Потом я понял – надо пойти дальше. Я достал два таких стула, второй для себя, чтобы одинаково все это выглядело.

Скрипку выносил Славик, Наташин сын (и Олега, конечно, тоже, потому что он его воспитывал). Я помог Олегу выйти на сцену. Потом он сел. И началось первое тутти, которое он на репетиции назвал лучшей страницей этого произведения.

Пока я дирижировал, он сидел с закрытыми глазами. Когда оставалось несколько тактов, я испугался: ведь он же был напичкан лекарствами и мог просто заснуть! Что сейчас будет?! Повернулся к нему и шепотом позвал его. Он сказал: я здесь! И затем очень быстро поднял скрипку, когда надо было играть.

Ему, наверное, физически было очень трудно. Все его показатели медицинские были какие-то нулевые. Врачи не понимали: как, каким духом он играет, благодаря чему?!

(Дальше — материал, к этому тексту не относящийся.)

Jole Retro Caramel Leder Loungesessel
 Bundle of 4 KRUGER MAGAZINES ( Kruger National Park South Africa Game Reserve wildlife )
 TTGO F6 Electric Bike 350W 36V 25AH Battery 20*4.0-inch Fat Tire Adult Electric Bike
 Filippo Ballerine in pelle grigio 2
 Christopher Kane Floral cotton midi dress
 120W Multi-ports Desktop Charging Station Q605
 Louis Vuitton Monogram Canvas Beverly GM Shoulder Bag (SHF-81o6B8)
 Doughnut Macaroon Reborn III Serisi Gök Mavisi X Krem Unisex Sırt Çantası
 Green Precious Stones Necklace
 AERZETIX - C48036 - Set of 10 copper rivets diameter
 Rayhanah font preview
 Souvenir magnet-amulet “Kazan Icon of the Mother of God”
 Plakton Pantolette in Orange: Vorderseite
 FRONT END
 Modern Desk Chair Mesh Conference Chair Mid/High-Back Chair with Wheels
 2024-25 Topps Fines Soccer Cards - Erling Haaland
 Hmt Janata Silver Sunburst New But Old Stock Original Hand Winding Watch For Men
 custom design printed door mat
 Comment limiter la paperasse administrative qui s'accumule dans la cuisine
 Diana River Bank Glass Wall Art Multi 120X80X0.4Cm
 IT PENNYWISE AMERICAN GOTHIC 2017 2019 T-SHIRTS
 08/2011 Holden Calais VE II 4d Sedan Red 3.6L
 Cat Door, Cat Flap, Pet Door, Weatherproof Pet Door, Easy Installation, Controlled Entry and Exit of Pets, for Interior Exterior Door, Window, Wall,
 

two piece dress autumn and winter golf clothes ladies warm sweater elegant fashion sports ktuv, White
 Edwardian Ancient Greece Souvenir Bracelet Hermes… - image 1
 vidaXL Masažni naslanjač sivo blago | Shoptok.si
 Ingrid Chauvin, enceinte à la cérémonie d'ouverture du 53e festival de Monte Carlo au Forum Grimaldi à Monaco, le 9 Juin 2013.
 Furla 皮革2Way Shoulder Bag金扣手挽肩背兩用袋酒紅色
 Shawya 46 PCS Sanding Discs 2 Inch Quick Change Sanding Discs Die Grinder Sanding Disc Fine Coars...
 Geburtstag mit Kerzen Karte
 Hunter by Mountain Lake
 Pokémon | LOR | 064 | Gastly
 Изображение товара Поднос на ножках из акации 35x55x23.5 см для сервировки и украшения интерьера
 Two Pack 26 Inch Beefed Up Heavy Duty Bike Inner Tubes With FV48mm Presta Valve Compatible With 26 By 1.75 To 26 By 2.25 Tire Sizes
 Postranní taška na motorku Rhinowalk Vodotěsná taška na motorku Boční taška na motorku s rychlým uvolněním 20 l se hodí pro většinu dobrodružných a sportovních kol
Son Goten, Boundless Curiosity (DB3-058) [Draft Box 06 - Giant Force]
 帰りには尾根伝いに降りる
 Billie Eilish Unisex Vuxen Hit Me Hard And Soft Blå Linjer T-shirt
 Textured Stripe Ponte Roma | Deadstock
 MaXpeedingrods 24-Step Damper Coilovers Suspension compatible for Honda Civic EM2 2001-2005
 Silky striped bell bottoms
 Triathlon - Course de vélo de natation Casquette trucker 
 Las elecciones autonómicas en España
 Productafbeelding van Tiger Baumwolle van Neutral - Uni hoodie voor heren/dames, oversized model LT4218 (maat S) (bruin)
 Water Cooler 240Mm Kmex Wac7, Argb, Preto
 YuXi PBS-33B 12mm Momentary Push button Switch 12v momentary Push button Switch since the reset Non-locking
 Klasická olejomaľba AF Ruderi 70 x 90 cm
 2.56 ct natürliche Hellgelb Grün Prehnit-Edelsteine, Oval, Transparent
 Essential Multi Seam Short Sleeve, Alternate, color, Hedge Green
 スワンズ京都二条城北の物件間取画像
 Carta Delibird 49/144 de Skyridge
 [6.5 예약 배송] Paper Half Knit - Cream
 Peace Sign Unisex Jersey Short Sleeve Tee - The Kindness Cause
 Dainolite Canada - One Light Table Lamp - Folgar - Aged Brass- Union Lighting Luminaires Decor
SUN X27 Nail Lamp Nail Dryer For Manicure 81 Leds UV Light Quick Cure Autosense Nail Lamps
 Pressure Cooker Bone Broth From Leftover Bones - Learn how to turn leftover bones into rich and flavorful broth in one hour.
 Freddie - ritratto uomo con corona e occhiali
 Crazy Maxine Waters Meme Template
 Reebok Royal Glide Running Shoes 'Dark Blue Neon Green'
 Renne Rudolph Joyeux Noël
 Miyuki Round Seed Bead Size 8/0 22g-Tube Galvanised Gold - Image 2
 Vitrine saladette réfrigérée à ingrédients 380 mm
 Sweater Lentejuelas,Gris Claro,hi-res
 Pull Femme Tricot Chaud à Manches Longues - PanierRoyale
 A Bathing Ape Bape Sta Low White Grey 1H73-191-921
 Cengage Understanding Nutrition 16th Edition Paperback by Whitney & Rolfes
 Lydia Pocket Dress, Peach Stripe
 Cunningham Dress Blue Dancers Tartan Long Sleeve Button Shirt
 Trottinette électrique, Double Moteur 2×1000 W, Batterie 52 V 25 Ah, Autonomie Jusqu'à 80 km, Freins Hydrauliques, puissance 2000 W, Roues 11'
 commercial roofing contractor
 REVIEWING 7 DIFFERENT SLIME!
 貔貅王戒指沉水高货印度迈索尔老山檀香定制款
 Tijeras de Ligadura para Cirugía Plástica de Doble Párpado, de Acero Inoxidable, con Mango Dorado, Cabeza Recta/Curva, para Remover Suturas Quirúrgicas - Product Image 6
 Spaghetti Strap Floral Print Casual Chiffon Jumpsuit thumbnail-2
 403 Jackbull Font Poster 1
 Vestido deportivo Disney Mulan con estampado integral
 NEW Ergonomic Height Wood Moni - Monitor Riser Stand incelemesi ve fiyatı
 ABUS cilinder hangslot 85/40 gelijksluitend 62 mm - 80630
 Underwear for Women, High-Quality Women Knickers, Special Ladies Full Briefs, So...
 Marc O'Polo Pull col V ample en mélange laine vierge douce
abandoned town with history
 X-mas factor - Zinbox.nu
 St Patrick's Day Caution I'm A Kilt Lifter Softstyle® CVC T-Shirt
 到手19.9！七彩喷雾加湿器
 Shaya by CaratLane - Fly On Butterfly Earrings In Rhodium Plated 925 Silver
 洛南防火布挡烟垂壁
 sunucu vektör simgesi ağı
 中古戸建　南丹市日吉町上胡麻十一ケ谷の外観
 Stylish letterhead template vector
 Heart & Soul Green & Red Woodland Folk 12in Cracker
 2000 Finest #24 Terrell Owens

Я думаю, каждый сидящий в зале, даже те, кто не знал о его болезни, понимал, что происходит что-то необыкновенное. Такое, что бывает раз в жизни.

Вторая часть была исполнена глубоко искренне и вдохновенно, тем более что музыка соответствовала настроению и ситуации на концерте. А в технически трудных пассажах финала ему было уже совсем тяжело. Ведь эта страшная болезнь поражает кости, и человек становится вдруг маленьким, и все его ощущения уже другие… И вот последний пассаж, который считается очень сложным психологически, на нем ломаются многие исполнители. Первым вступает альт, второй – скрипка, и – конец. А Олег, видимо, копил силы к этому пассажу и сыграл его идеально по качеству, с колоссальной энергетикой, блестяще! И финал получился оптимистическим…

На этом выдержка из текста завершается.